Output every line below exactly, please, omitting pictures.

-- DATA FOR REVIEW follows --

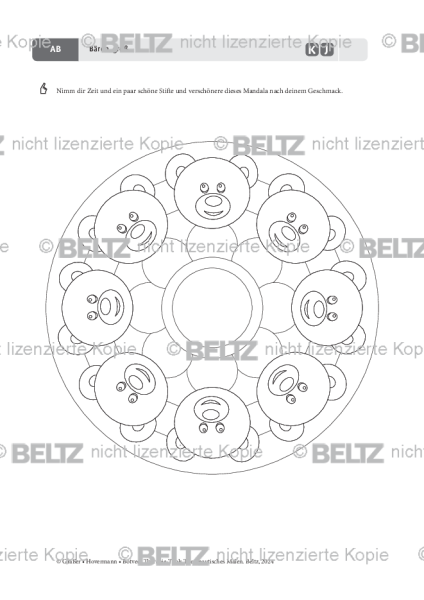 Therapeutisches Malen: Mandala große Bären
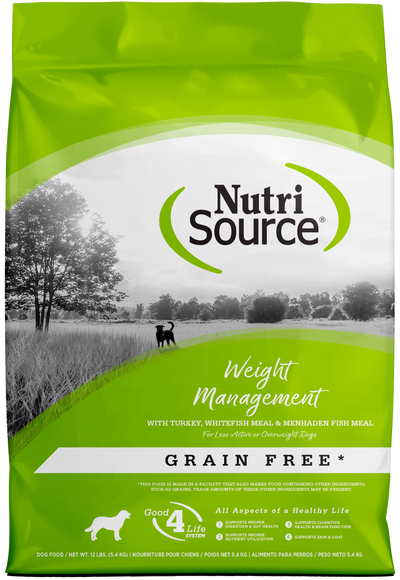 NutriSource Weight Management Grain Free Dry Dog Food Turkey 12 lb 073893299073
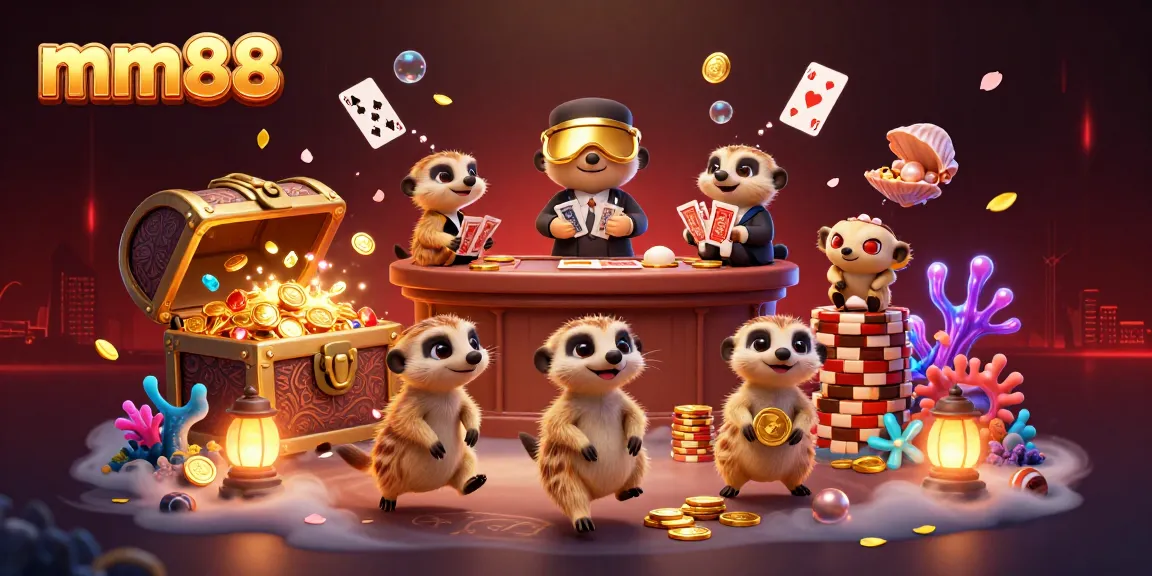 Experience the excitement of mm88 with meerkats running a vibrant casino filled with gems and colorful cards.
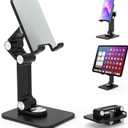 360 Rotating Cell Phone Stand,Folding Phone Stand,Adjustable Height and Angle Foldable Cell Phone Stand Holder for Desk, Taller iPhone Stand Compatible with iPad Smartphones Tablet (Black)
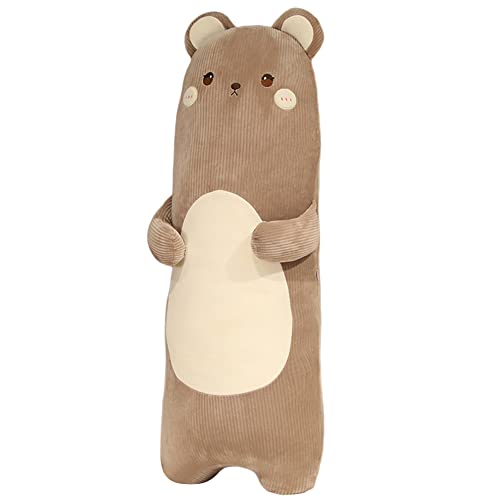 Huamengyuan Kuscheltier Puppe Spielzeug Stofftiere Dekokissen Puppen Plüsch Plüschtier Schlafkissen Weiche Lange Kuschelkissen seitenschläferkissen plushie Happy Birthday Geschenk für Kinder Braunbär von Huamengyuan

-- DATA FOR REVIEW concluded --

__ANSWER BELOW__:
 Therapeutisches Malen: Mandala große Bären
 NutriSource Weight Management Grain Free Dry Dog Food Turkey 12 lb 073893299073
 Experience the excitement of mm88 with meerkats running a vibrant casino filled with gems and colorful cards.
 360 Rotating Cell Phone Stand,Folding Phone Stand,Adjustable Height and Angle Foldable Cell Phone Stand Holder for Desk, Taller iPhone Stand Compatible with iPad Smartphones Tablet (Black)
 Huamengyuan Kuscheltier Puppe Spielzeug Stofftiere Dekokissen Puppen Plüsch Plüschtier Schlafkissen Weiche Lange Kuschelkissen seitenschläferkissen plushie Happy Birthday Geschenk für Kinder Braunbär von Huamengyuan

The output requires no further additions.